Downs Cell - How IT Works

How It Works

The Downs cell uses a carbon anode and an iron cathode. The electrolyte is sodium chloride that has been fused to a liquid by heating. Although crystalline sodium chloride is a poor conductor of electricity, fusing it mobilizes the sodium and chloride ions, which become charge carriers and allow conduction of electric current.

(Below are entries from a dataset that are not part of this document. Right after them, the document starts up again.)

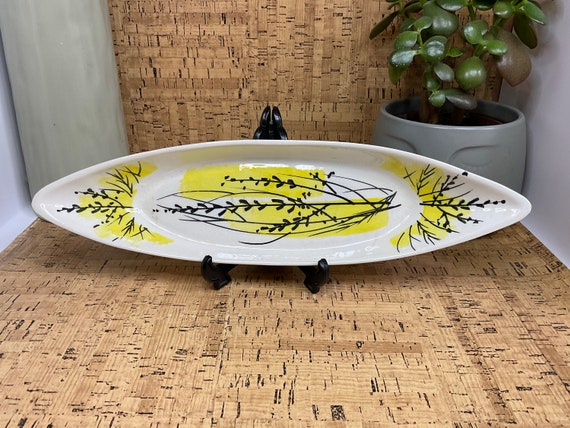 Thanet Pottery Kent Yellow and Black Grass Pattern Boat Shaped Hand Painted Mid Century Scandi Dish. 1960s Vintage.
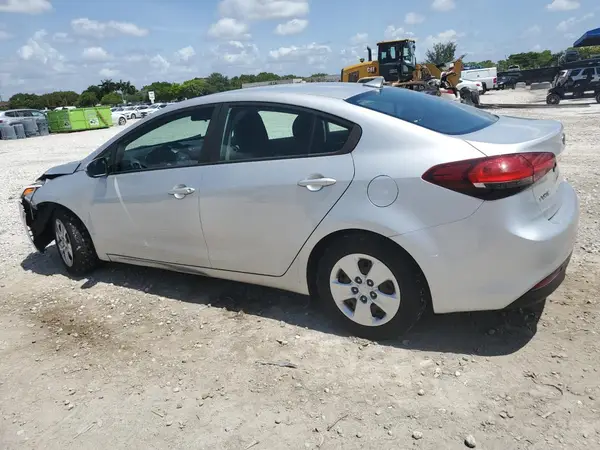 3KPFK4A72JE236245 2018 KIA FORTE - Image 2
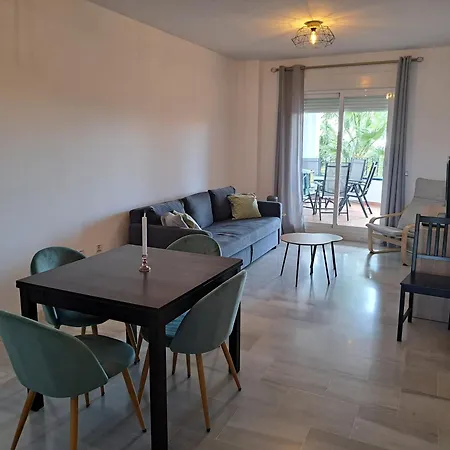 Casa De Alegria, Seaview & Golf 公寓 卡拉德米哈斯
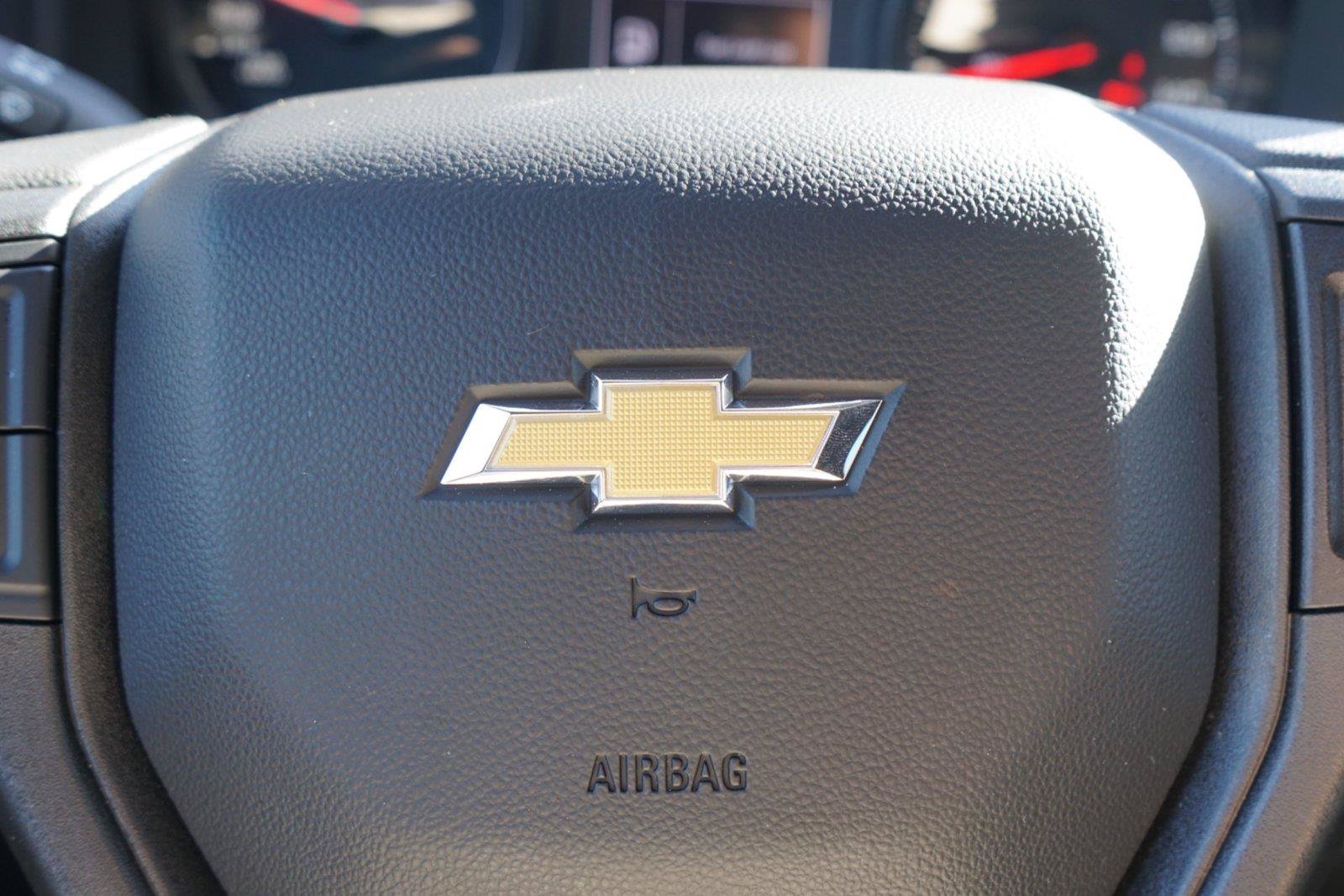 Used 2026 Chevrolet Silverado 1500 Custom RWD image 11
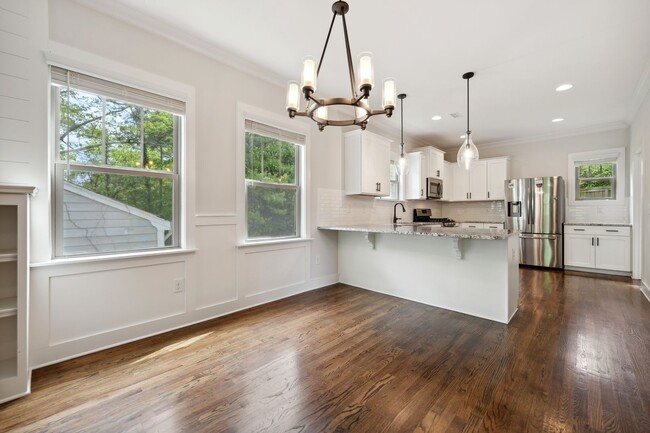 Building Photo - Gorgeous 4 Bedroom Home in the Heart Of Durham! **APPLICATIONS PENDING**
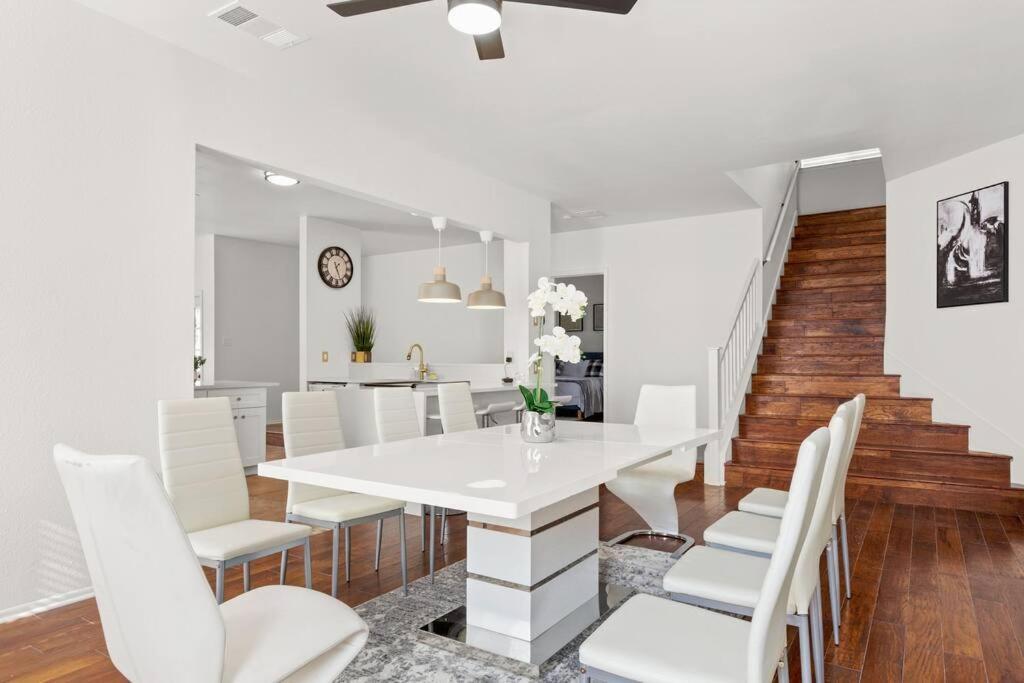 5 Bedrooms With Chefs Kitchen 2 Masters Room And Game Lounge San Antonio Exterior foto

Some calcium chloride and/or chlorides of barium and strontium, and, in some processes, sodium fluoride are added to the electrolyte to reduce the temperature required to keep the electrolyte liquid. Sodium chloride normally melts at 801 °C, but the mixture can be kept liquid at temperatures around 600 °C.

The anode reaction is:

2Cl– → Cl2 + 2e–

The cathode reaction is:

2Na+ + 2e– → 2Na

for an overall reaction of

2Na+ + 2Cl– → 2Na + Cl2

The calcium does not enter into the reaction because its reduction potential of 2.87 volts is higher than that of sodium. Hence the sodium ions are reduced to metallic form in preference to those of calcium. If the electrolyte contained only calcium ion and no sodium, it would be calcium metal produced as the cathode product (which indeed is how metallic calcium is produced).

Both the products of the electrolysis, sodium metal and chlorine gas, are less dense than the electrolyte and therefore float to the surface. Perforated iron baffles are arranged in the cell (see the diagram to the right) to direct the products into separate chambers without their ever coming into contact with each other.

Although theory predicts that a potential of a little over 4 volts should be sufficient to cause the reaction to go forward, in practice potentials of up to 8 volts are used. This is done in order to achieve useful current densities in the electrolyte despite its inherent electrical resistance. The overvoltage and consequent resistive heating contributes to the heat required to keep the electrolyte in a liquid state.

The Downs process also produces chlorine as a byproduct, although chlorine produced this way accounts for only a small fraction of chlorine produced industrially by other methods.